Contestant's seventh, eighth, and ninth points of error are therefore overruled.

By tenth point of error, contestant complains of the action of the trial court in refusing to admit proof of the testator's physical condition in 1942. The court held that the evidence of the physical condition of testator six years after he made the will in question was too remote. In Wigmore on Evidence, Second Edition, Section 233, we find the rule stated as follows: "There seems to be no agreed definition of the limit of time within which such prior or subsequent condition is to be considered; and in the nature of things no definition is possible. The circumstances of each case must furnish the varying criterion, and set determination of the trial judge ought to be allowed to control."

Even though admitted, the evidence of a lay witness concerning testator's physical condition six years after the date of the will could hardly have any probative value on the objective point of inquiry, that is, the state of mind at the precise date of the testamentary act. The action of the trial court in excluding the evidence on the ground of remoteness was justified. For example, in Howes v. Colburn, 165 Mass. 385,43 N.E. 125, the trial court's limitation to a period from about eight years before the execution of the will to about two and one-half years thereafter was approved.

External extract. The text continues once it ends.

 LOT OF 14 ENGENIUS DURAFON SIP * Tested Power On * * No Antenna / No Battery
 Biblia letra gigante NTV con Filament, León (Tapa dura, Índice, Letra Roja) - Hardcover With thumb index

We therefore overrule contestant's tenth point of error.

After the case reached the district court on appeal from the probate court, contestant filed amended pleadings and sought to raise the question of whether or not that portion of the will (quoted above) giving to Frank Sylvester and wife part of the land was intended as a contract for a conveyance of said property to Sylvester. Contestant excepted to the court's charge for failing to submit this issue to the jury and submitted a requested charge on the issue, which was refused. Contestant, in her eleventh and twelfth points of error, complains of the action of the trial court in refusing to submit such issue to the jury. These points are overruled. This being an appeal to the district court from the order of the county court admitting the will to probate, the jurisdiction of the district court was appellate only and was limited to such as the probate court could properly have exercised. Constitution, Article V, Section 8, Vernon's Ann.St.; Jones v. Sun Oil Co., 137 Tex. 353,153 S.W.2d 571; Huston v. Cole, 139 Tex. 150, 162 S.W.2d 404, and authorities therein cited. See, also, Harris v. Harris' Estate, Tex. Civ. App. 276 S.W. 964.

Having overruled all of the points of error urged by contestant, we affirm the judgment of the trial court.